Using a toothbrush dipped in the mixture, scrub your nails. It’s best not to use this too frequently, but it can get out stains. Nothing else will.

How Do I Keep My Acrylics From Turning Yellow

Make sure that your salon is following the proper protocol. Avoid letting your nails be exposed to sunlight or UV rays for long periods at a time. Don’t expose nails to cigarette smoke. Avoid exposing nails to food and dyes that bleed color.

As we’ve previously covered, there are two main times when your nails can become yellowed: at the salon and at home. 

So there are two different sets of rules to avoid yellowing, depending on where you’re most likely to see it.

In a salon, make sure that proper protocols are being followed. 

Don’t let them mix old monomers with new ones. 

Ask how old polymers are and where they were stored. 

Read up on how acrylic nails are applied, and be sure that they’re being done right. 

Most of all, take note of the hygiene of the salon and the results that others have.

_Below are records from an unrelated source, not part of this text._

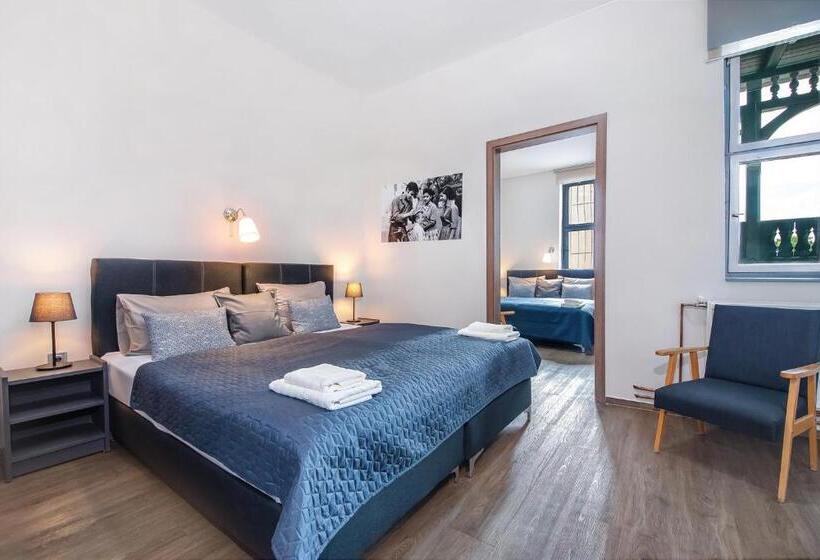 اتاق خانوادگی, Kedves Vendégház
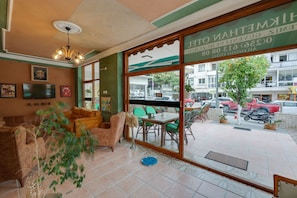 Lobby lounge - Hikmethan Otel (Kusadasi)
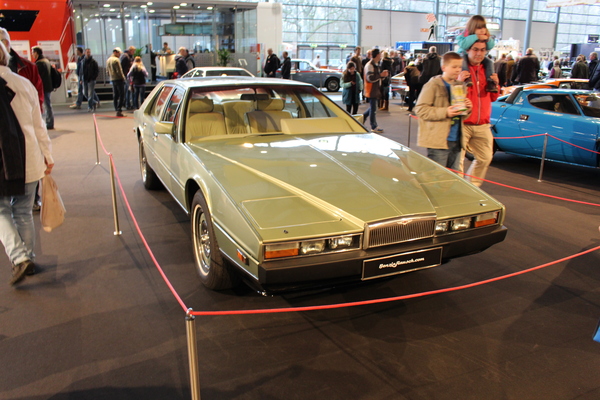 Der Aston Martin Lagonda war eine der teuersten und gleichzeitig schnellsten Limousinen der Zeit - Bremen Classic Motorshow 2016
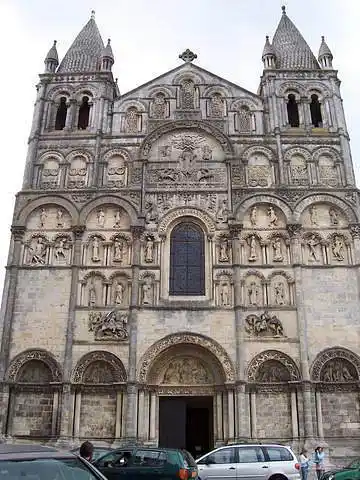 法国昂古莱姆大教堂罗马风建筑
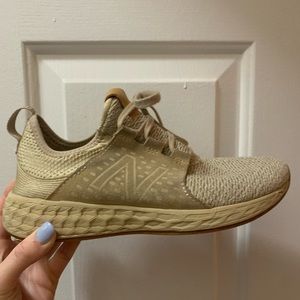 New Balance Tennis Shoes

At home, you must be vigilant. 

Don’t smoke, if you can help it. 

If you must smoke, always wear gloves so that your acrylic nails are protected. 

In the sun or tanning bed, wear gloves.

Even better, don’t try to tan at all! Your nails should never come in contact with self-tanners or anything that might spread its color onto your nails. 

If it stains, it will yellow your nails. Avoid, or wear gloves.

How Do I Disguise Yellowed Acrylics?

Using darker polish can help disguise the yellow look of a nail. You might also try painting over it with a pink or natural tone, and add in a French-manicure style tip in white.

Is it too late for your poor nails? If your acrylics are already yellowed, and you don’t want to get them redone so soon, you can disguise them. 

The simplest solution? Paint them! 

A nail polish that is darker is most likely to cover them. 

However, anything with adequate coverage and opaqueness will hide the yellow, at least for the time being.

Want something more natural-looking? Choose a polish color closer to your natural nail color, and make sure that it isn’t thin. 

Paint your nails with that, and you’ll look more natural. 

You can even add a faux-French tip for a finished-manicure look! 

It should last you until you can get to the salon.


Acrylics can yellow for numerous reasons. But ultimately, it is either something your salon is doing or that you are.

Thankfully, there are ways to prevent this from happening in the first place and effective strategies for removing the stains should they happen to yellow.

For the most part, visiting a reputable salon, wearing gloves, and just generally taking care of your acrylics will set you in good stead.